An SoC is a "system on chip". To quote wikipedia's definition:

"A system on a chip or system-on-chip is an integrated circuit that
integrates most or all components of a computer or electronic system.
These components usually include an on-chip central processing unit
(CPU), memory interfaces, input/output devices and interfaces, and
secondary storage interfaces, often alongside other components such
as radio modems and a graphics processing unit (GPU) – all on a
single substrate or microchip."

An SoC always contains a CPU, but it will have a lot more
than that built into it too. And the SoC only has "most"
of the system components, so the whole machine will be
an SoC plus some other things.

Generally a board/machine that uses an SoC will have on it:
 * an SoC
 * the actual memory
 * perhaps one or two extra devices external to the SoC
 * connectors for things like serial ports, SD cards, etc
   (which generally wire up to SoC pins)
 * a crystal or similar to act as the main clock source

So if you look at a photo of a development board that uses
an SoC, there will be one large chip which is the SoC,
some RAM chips, a bunch of connectors and one or two smaller
chips. Not every device will be inside the SoC, but
generally almost all of them are.

QEMU's machine models for this kind of board match the
organization of the hardware; looking at hw/arm/sabrelite.c
which is a machine model you can see that it has:
 * an instance of the fsl-imx6 SoC device object
 * the main memory
 * some NOR flash memory
 * some configuration and wiring up of things

And the SoC itself is in hw/arm/fsl-imx6.c, and is a
QOM device object that creates and wires up the CPUs,
UARTs, USB controller, and various other devices that
this particular SoC includes. In this case we only have
one board model using this SoC, but for some SoCs we
have several board models that all use the same SoC
but wire up different external devices to it.

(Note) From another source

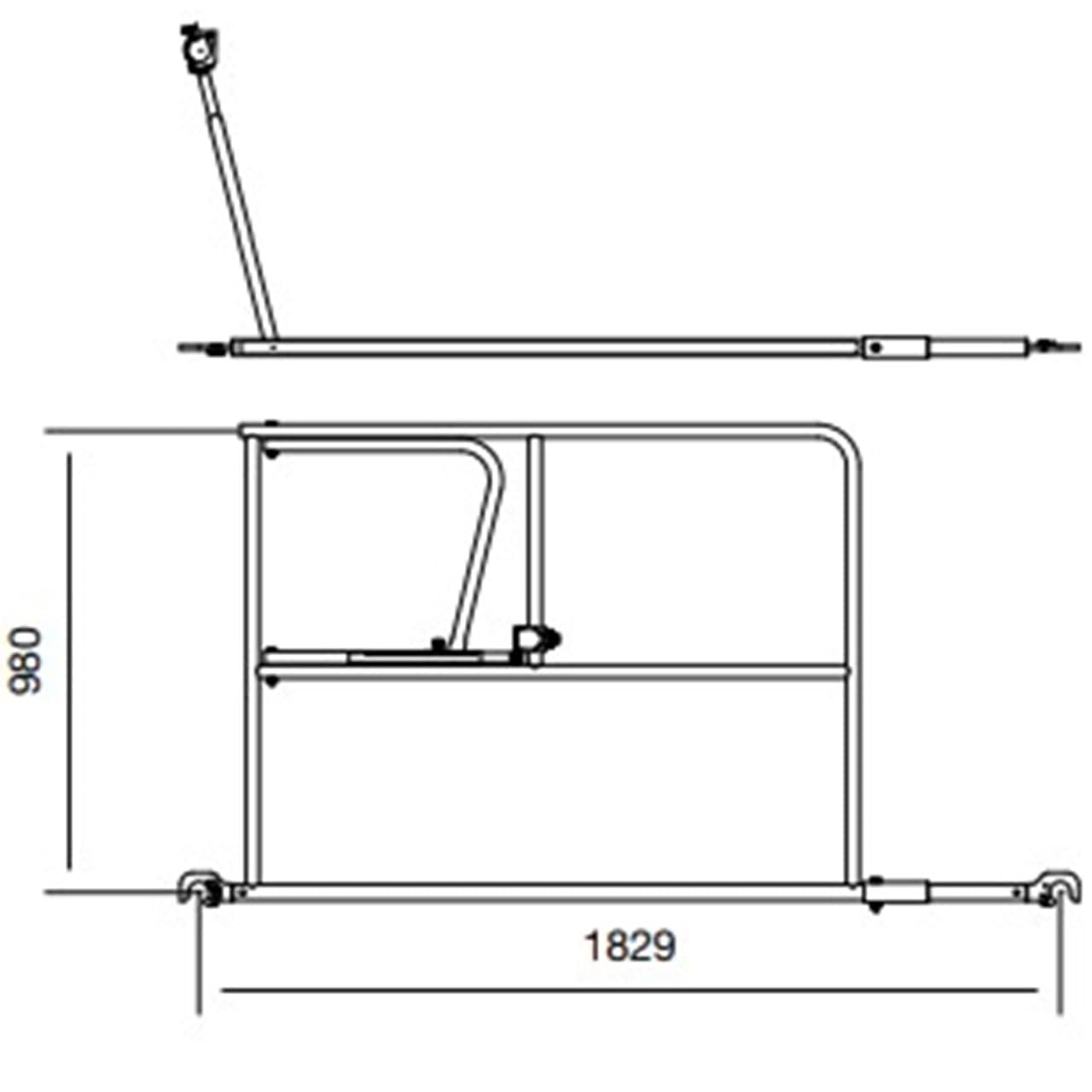 ファステック　階段開口部手摺(据え置き式)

Some of our machine models are models of systems that
don't use an SoC at all. This is rare in the Arm world,
but for instance the SPARC machines like the SS-5 are
like that -- the real hardware had a discrete CPU chip
and a bunch of devices in their own chips on the
motherboard, and QEMU's model of that hardware has
a machine model which directly creates the CPU and
the various devices. (And some of our older machine
models are models of hardware that *does* have an SoC
but where we didn't model that level of abstraction,
so they directly create devices in the machine model
that really ought to be inside an SoC object.
hw/arm/stellaris.c is one example of that.)

> >> +
> >> +Block
> >> +-----
> >> +
> >> +Block drivers are the available `disk formats <block-drivers>` available, and
> >> +block devices `(see Block device section on options page)<sec_005finvocation>`
> >> +are using them to implement disks for a virtual machine.
> >
> > Block drivers aren't just disk formats; there are some filter
> > drivers too. Somebody on the block side could probably
> > provide a better definition here.
> >
>
> I'm open to a more exact definition. The two terms (drivers and devices)
> seem to overlap on some parts, so I came up with this trivial definition.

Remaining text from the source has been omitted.